An old favorite of my friend's, apparently. A tree is knocked over in a kid's backyard by a big storm. The kid and his friend start digging into the hole left behind and open a doorway to some nether realm populated with weird little stop-motion gremlin things. The kid's older sister, left in charge while the parents are away, is reluctant to believe him because of peer pressure from idiotic drunk teen guys. Even after the kid starts levitating against his will in the living room, in front of a dozen witnesses.
Some of the practical effects are very good. The little stop-motion monsters have a nice design. There's a sequence when it appears the parents are home, but as things get weird, the boy's fingers sink into his father's face as it melts.
There's one scene where the kids are trying to sneak into the basement to retrieve notes on a ritual they want to try and the main kid catches a brief glimpse of his family's photo.
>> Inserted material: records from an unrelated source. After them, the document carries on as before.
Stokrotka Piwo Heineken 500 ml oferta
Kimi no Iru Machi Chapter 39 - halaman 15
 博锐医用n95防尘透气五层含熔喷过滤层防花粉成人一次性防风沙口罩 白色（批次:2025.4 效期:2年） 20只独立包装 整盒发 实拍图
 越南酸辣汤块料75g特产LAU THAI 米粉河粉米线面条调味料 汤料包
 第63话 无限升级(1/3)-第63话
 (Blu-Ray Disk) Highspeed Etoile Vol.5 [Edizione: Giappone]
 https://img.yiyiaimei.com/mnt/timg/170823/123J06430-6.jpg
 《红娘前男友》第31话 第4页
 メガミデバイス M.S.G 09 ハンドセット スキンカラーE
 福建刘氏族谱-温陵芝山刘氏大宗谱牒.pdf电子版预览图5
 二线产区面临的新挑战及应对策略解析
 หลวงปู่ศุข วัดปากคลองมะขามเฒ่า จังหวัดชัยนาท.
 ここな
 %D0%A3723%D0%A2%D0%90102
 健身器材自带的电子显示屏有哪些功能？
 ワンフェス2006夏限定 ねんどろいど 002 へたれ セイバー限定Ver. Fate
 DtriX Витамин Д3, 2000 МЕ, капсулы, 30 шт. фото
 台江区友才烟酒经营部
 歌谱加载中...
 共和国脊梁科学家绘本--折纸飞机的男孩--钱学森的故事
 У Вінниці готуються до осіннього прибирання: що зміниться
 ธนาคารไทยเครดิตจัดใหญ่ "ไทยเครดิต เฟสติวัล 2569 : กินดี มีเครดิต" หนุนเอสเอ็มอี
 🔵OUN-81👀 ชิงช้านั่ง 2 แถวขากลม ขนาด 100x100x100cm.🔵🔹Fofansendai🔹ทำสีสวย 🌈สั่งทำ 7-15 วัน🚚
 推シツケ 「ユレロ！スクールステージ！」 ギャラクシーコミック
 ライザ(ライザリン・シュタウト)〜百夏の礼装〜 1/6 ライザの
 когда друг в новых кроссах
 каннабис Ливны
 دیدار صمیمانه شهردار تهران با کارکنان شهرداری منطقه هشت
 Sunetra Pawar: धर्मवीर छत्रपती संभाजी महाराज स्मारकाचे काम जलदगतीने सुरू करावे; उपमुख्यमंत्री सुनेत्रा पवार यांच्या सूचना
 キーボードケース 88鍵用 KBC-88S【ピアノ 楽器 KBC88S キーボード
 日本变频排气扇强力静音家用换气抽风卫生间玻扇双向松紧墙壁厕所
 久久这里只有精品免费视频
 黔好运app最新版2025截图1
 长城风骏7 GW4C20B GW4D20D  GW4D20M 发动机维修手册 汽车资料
Only now everyone in it other than him is bleeding and has a broken neck. And he chooses not to point it out to his sister, which is an interesting choice, although by that time they already know they're in the deep end, so there's no point.
(My friend and I debated whether that prop was a painting, or if they had the cast take a photo done up like that. I thought it looked painted, she thought photograph.)
I missed the explanation for why the initial attempt at an exorcism didn't work as it first appeared. Up to that point, the creatures from the gate had been a little creepy, but ultimately not too threatening. So it would have been an anti-climactic conclusion.
After that point, though, the odds seemed to swing so far against them it was hard to believe any of them survived. Neither of us could understand why the giant creature picks the kid up by the hand, then sets him down with an eyeball embedded in his hand, rather than just killing him. Didn't really get a satisfactory answer beyond, "they hadn't used Chekov's Model Rocket Kit yet."